しかし、上の提案はそういうものを排除はしないだろうが、意図としては違うような気がする。
アメリカにおける公教育
公教育とは何か。教育学者ではないので、「答え」は知らない。いくつか挙げてみよう。
- 消費主体として自立するための必要な知識やスキルを身につける
- 労働主体として自立するための必要な知識やスキルを身につける
- 公民として自立するための必要な知識やスキルを身につける
- 人類的文化主体として、次の世代へ文化(や自然)を発展的に受け・渡す
エスペラントはこれらの諸目標のうち、どれに最も大きく関わるのだろうか。
しかし、庶民の暮らしとは相対的に切り離され・すでに自律しているように見える・イデオロギーと権力の塊としての国家が「教育」を握るとき、とりあえず、教育とその成果としての諸個人は、「国家」目的にかなうものを良しとするであろう。
学校教育の影響で革命家やテロリストになってもらうと困る。どうせやるなら、CIAの言うことを聞いて、余所の国でそれはやってもらうような諸個人を育成しなければならない。
上の提案の最後の項目を見れば、なんだか内容が不明だが、「マルチリンガル」育成によって「国際競争」に「勝つ」ことが良しとされているらしい。

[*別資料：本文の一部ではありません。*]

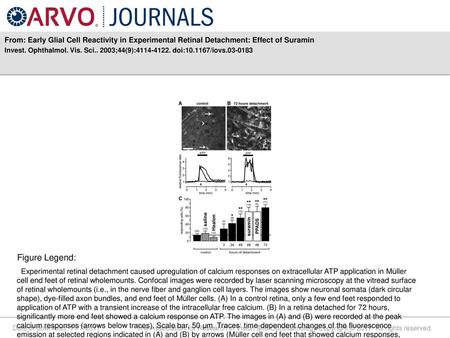 Invest. Ophthalmol. Vis. Sci ;44(9): doi: /iovs Figure Legend:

(直接にではないが)エスペラントで国際競争に勝とうというのである。
それにしても実業にエスペラントが使われるかというと、たぶんそうではなく、必要なのは民族語であろう。
国際競争に勝つマルチリンガルの人とエスペラントもできない人
エスペラントを外国語の結節点にマルチリンガルになったエリートはエスペラント語やエスペランチスト、エスペラント運動をどう思うのだろうか。
「なんだ、たしかにスペイン語やフランス語をやるのにエスペラントは便利だったけど、君たちはエスペラントしかしゃべれないのかい」「君たちはなんでエスペラントを勉強したり広めようとしたりしているんだ? 学校に導入させたら良いじゃないか」「ザメンホフはユダヤ人が国際競争に勝とうと思ったんじゃないか? それにしてもザメンホフはあれだけ語学力があったのなら、エスペラント運動とかじゃなくて、商売になる学習プログラムを開発して会社でも興したらよかったんじゃないのかな」
そう言ったりするんじゃなかろうか。
それで、学校に行けなかったとか、何らかの理由で「エスペラントもできなかった」青少年たちはどのように評価されるのだろうか。「エスペラント以下な奴等」などとレッテルされるのだろうか。
外国人がアメリカの大統領にエスペラントを提案すること
僕にはまずそれがわからん。オバマ氏自身が自らエスペラントを勉強することを提案するのなら面白い。オバマさん、あなたもエスペラントを学びましょうと。
そうではなく、「あんたの国の学校であんたらの子どもらに学ばせろ」、というのをなぜ他国の人が言うのかな。
エスペラントを広めたいがために他国の政治や政治家を利用していいのかな?
アジア諸国の言葉を学ぶのにエスペラントはあまり役に立たないと思うのだけど、アジアの人たちもエスペラントをオバマ氏を使ってアメリカの子どもたちに勧めるのかな。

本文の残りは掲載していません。